編集部員のりんでんさんのご主人が朝日新聞社から「わが東方見聞録」という本を上梓したので紹介します。


わが東方見聞録の紹介




出版元:朝日新聞社 著者:長谷川洋二 全国有名書店で発売中 価格\1,200


  • 書名:わが東方見聞録 ――イスタンブールから西安への177日

  • 目次

    1. トルコ・レバノン・ヨルダン・シリアの旅・・・33日 (書中:概要のみ)
    2. クルディスタン(トルコ東部)・イランの旅・・・26日
    3. 西トルキスタンの旅・・・37日
    4. カラコルム・東トルキスタンの旅・・・46日
    5. ティベット・河西回廊・西安洛陽再訪の旅・・・35日
        (うち「ティベット18日」・・・書中:概要のみ)

  • 紀行文のルート図




長谷川洋二さんのプロフィール

長谷川洋二さん
1940年に新潟市に生まれる。
コロンビア大学で現代史専攻し、M.A学位(修士号)・M.Ed.学位を取得。
中頃、プラント輸出の仕事に従事、
ほかは教職を奉ずる。

著書に、A Walk in Kumamoto: The Life and Times of Setsu Koizumi, Lafcadio Hearn's Japanese Wife (Global Books, Kent, UK 1997)、
および 『小泉八雲の妻』(松江今井書店 1988)がある。
現在、鎌倉市浄明寺に在住

長谷川洋二さんから特別寄稿

 妻はゲラ校正段階で初めて精読し、「こんなに気持ちよく読めて、こんなに面白いとは思わなかった」と言って、私と編集者を喜ばせました。身びいき抜きでも、そのように読んで頂けたらと願わずにおれません。
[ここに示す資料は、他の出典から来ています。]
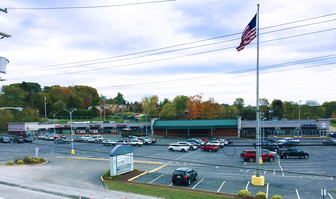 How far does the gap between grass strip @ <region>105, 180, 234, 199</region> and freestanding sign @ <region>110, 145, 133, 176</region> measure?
2114mm

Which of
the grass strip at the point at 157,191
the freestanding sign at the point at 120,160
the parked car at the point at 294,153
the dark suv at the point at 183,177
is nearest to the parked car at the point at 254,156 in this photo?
the parked car at the point at 294,153

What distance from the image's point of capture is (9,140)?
62938mm

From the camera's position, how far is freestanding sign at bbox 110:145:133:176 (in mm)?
25730

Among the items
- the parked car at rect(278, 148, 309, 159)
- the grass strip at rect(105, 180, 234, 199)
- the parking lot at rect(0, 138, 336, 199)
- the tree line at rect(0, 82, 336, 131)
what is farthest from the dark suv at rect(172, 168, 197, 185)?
the tree line at rect(0, 82, 336, 131)

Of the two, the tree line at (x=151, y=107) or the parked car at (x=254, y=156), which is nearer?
the parked car at (x=254, y=156)

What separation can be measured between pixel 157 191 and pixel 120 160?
7.70 metres

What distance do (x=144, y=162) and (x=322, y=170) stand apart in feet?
73.6

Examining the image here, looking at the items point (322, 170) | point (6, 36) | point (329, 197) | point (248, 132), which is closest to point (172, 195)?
point (329, 197)

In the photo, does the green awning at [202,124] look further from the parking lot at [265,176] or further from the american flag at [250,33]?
the american flag at [250,33]

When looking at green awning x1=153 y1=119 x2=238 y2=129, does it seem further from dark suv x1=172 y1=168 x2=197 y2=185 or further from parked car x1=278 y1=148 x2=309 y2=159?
dark suv x1=172 y1=168 x2=197 y2=185

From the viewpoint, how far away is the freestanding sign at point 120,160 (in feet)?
84.4

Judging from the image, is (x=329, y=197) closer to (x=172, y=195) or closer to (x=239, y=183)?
(x=239, y=183)

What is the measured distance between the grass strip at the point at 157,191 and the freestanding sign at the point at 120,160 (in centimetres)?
211

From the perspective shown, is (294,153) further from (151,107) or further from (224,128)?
(151,107)
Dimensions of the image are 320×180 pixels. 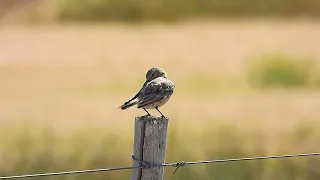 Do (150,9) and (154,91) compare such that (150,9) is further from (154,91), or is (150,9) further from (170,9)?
(154,91)

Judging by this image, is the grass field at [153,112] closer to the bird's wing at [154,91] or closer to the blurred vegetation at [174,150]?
the blurred vegetation at [174,150]

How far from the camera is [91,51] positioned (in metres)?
8.83

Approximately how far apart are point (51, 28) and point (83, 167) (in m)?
3.41

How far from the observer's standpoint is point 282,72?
8.49m

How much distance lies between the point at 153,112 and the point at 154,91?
2139 mm

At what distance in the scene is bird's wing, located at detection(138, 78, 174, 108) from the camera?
12.7 feet

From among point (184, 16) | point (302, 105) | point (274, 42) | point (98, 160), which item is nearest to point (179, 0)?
point (184, 16)

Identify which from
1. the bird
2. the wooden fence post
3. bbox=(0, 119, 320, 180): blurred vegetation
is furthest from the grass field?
the wooden fence post

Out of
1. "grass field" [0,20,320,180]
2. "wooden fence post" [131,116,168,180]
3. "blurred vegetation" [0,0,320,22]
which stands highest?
"blurred vegetation" [0,0,320,22]

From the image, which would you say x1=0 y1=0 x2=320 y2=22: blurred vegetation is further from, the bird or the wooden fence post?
the wooden fence post

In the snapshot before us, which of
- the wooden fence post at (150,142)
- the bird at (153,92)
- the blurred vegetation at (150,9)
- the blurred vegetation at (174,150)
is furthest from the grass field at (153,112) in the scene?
the wooden fence post at (150,142)

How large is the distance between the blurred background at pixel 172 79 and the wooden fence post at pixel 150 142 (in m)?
2.88

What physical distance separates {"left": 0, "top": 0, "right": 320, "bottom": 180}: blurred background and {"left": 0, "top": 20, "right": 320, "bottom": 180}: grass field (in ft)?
0.04

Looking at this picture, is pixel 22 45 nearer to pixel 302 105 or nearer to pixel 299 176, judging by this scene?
pixel 302 105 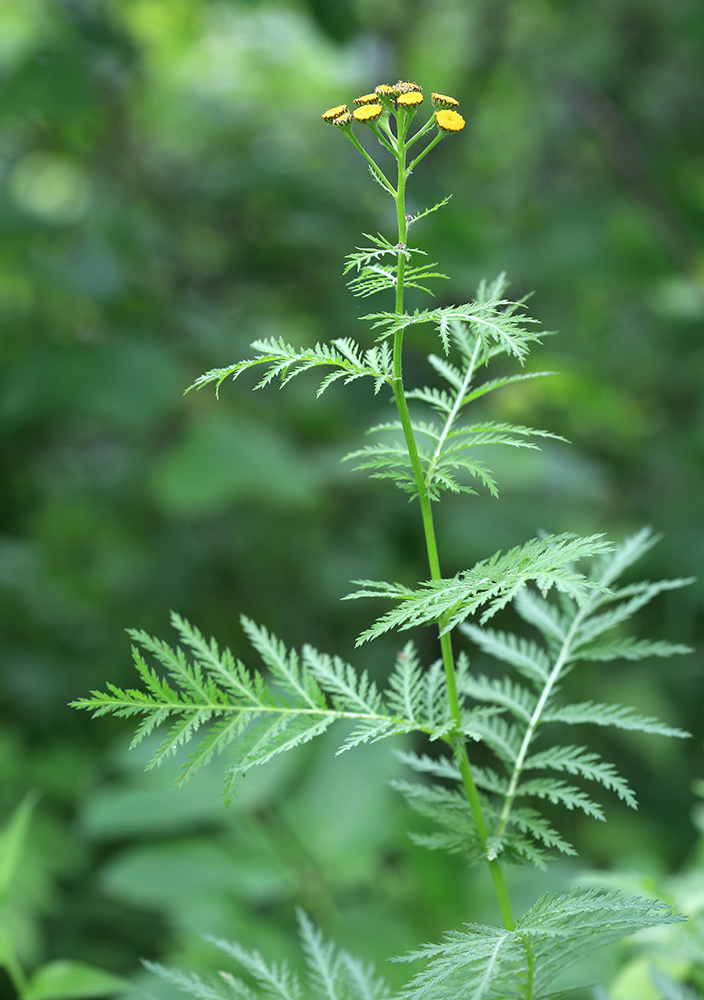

 私と編集者の危惧は、この本の持つ「時勢からの超然性」です。それを私は「自由の風が渡る異郷をさまよう」に始まる序文で、真っ正直に表現しました。編集者は、その上を行って、その文を「帯」に刻んだのです……「鮮やかに覚えているが、二十三歳のとき、自分が真に喜びを覚えるものは何かと自問して、『自然の美・歴史・女性』という心の底からの声を聞いた。最後のものは、さて置かなければならない。しかし、この度の長途の旅行に、最も心に掛けたのが、アジアの奥なる大自然であった。私が、地中海から陸路「長安」に向かっているのも、また雄大な山々や渓谷の壮麗に惹かれて、ティベットの奥深くに往来しているのも、同じ思いから来ている」と。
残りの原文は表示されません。